En segundo lugar, y quizás lo que más me ha sacudido hasta los momentos. Me ha sacudido por lo que la proposición implica. Una proposición que no es aplicable hasta atravesar por terribles tempestades y dolorosos tormentos: tanto ha de usar de ellas [las cosas creadas], cuanto le ayuden para su fin, y tanto debe privarse de ellas, cuanto para ello le impiden para abrir paso a la indiferencia. Indiferencia que explica San Ignacio así: hacernos indiferentes a todas las cosas creadas, en todo lo que es concedido a la libertad de nuestro libre albedrío, y no le está prohibido; en tal manera, que no queramos, de nuestra parte más salud que enfermedad, riqueza que pobreza, honor que deshonor, vida larga que corta, y por consiguiente en todo lo demás; solamente deseando y eligiendo lo que más nos conduce para el fin que somos creados.
Comprender esto ha sido
muy amargo para mí, ya que me pone en una encrucijada lacerante y que, por
supuesto, me despierta mucho temor e incertidumbre. ¿Cómo comprendí esto? Lo
comprendí viendo una imagen que se instaló en mi corazón durante el 6 día de
meditación. Vi a Jesús pendiendo de la cruz, agonizando, al borde de la muerte.
Entonces pensé, humanamente hablando, que Jesús se entregó a la muerte por puro
amor y confianza en su Padre, pero también por puro amor a sus hermanos, pues
para eso fue creado. Se entregó a los tormentos más brutales y violentos que se
conozcan por amor y confianza, y eran tales ese amor y esa confianza que sus
sufrimientos se transformaron en caminos hacia un bien mayor. Jesús fue
indiferente a su propio dolor, a su propio sufrimiento, a su propia vida, pues
confió plenamente en la promesa de la resurrección de su Padre, ya que, además,
al ser primero en todo, sabía que él se transformaría en camino para sus
hermanos hacia la plenitud del hombre. De esa forma se abría a mi entendimiento
aquellas palabras que llegaban a mí desde la distancia.

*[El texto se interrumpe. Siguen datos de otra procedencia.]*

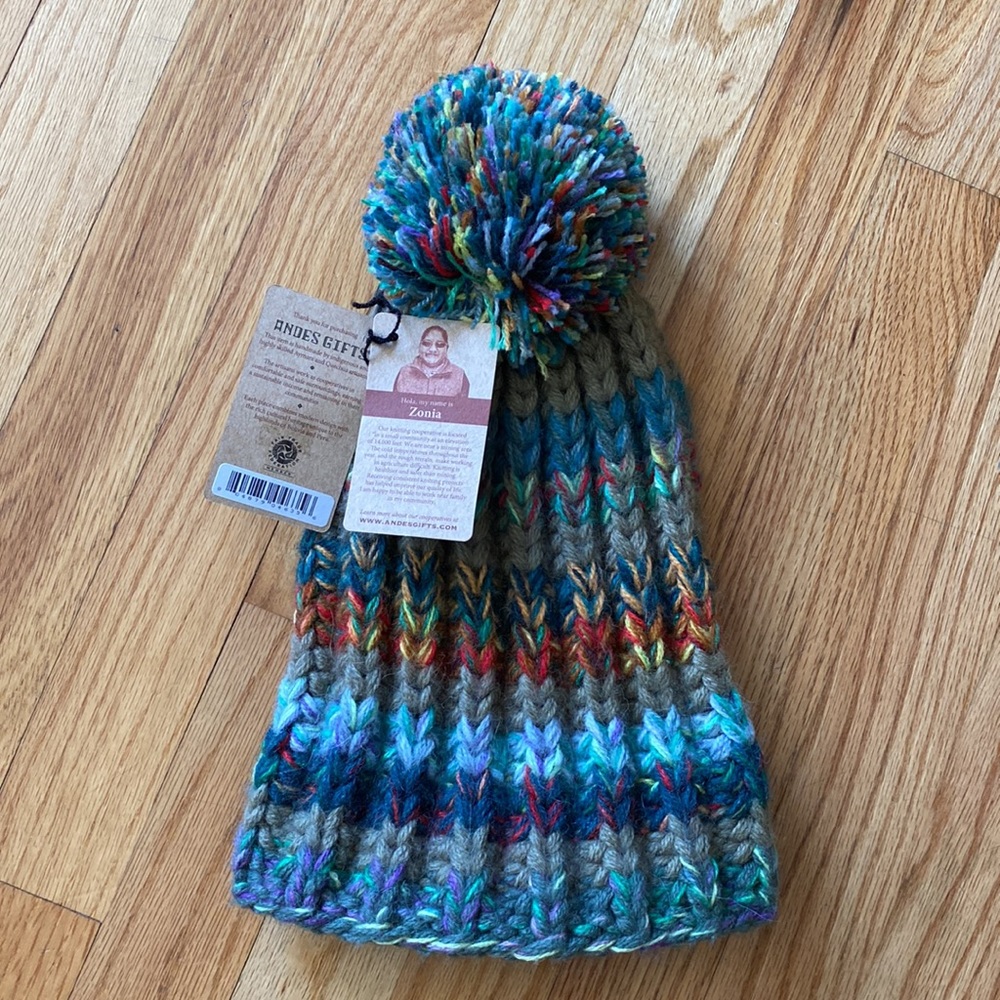 ANDES Fair Trade & Handmade HAT - Picture 2 of 10
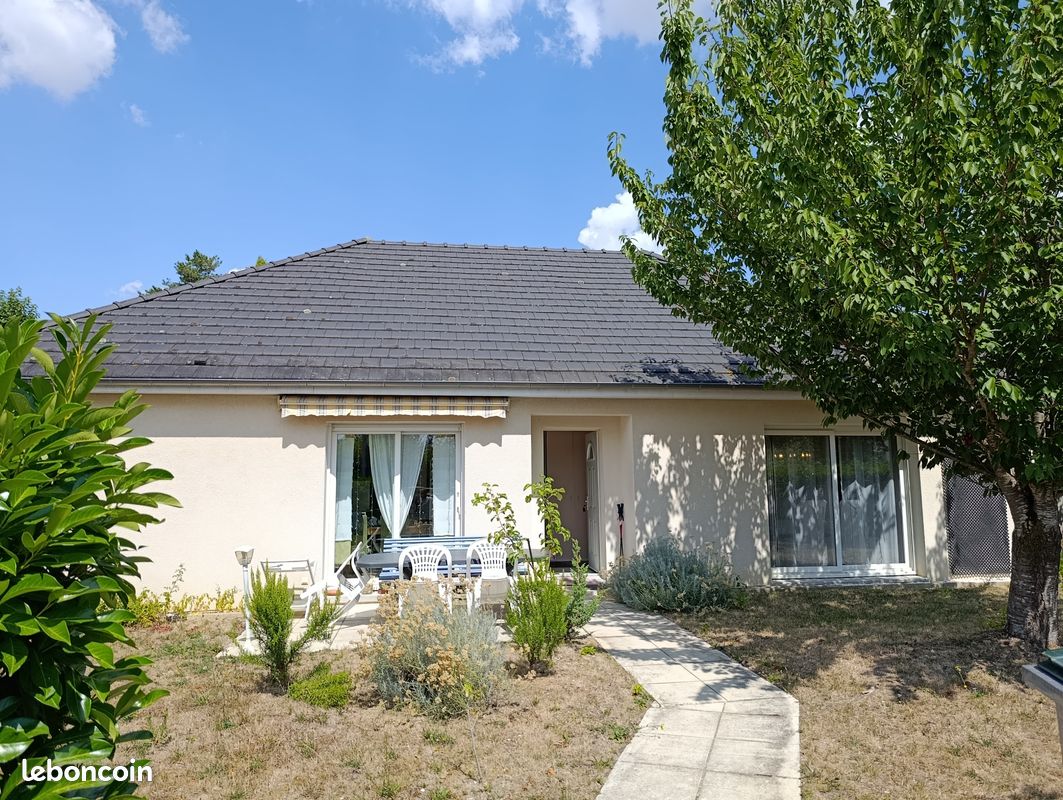 Maison 5 pièces 120 m² · à Sainte-Savine · 120 m² · 1 600 €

Tomás de Kempis en su Imitación de Cristo, libro que debió
leer con entusiasmo San Ignacio, escribe: “Aquel que no se desprenda de todas
las criaturas, no podrá libremente entregarse a las cosas divinas. Por eso hay
pocos que llegan a la contemplación, porque pocos saben desprenderse del todo
de las cosas creadas y perecederas”, y es que “todo el que haya dejado casas, o
hermanos, o hermanas, o padre, o madre, o hijos o tierras por mi nombre,
recibirá cien veces más, y heredará la vida eterna” (Mt 19,29). No, no se trata
de una especie de misantropía, sino
que solo el que ama a Dios plenamente puede vivir plenamente el amor que se derramará
luego luminoso hacia los demás.
Quería compartir esta
experiencia porque creo que, en estos momentos en los cuales se están jugando
aspectos definitivos en el orden político y social en nuestro país, hacerlo en presencia
de Dios. Bajo estas cuestiones que nos posibilita San Ignacio, no solo es
oportuno, sino necesario para superar las sombras que han instalado en nuestra
mente y pretenden acceder al corazón. Paz y Bien, a mayor gloria de Dios.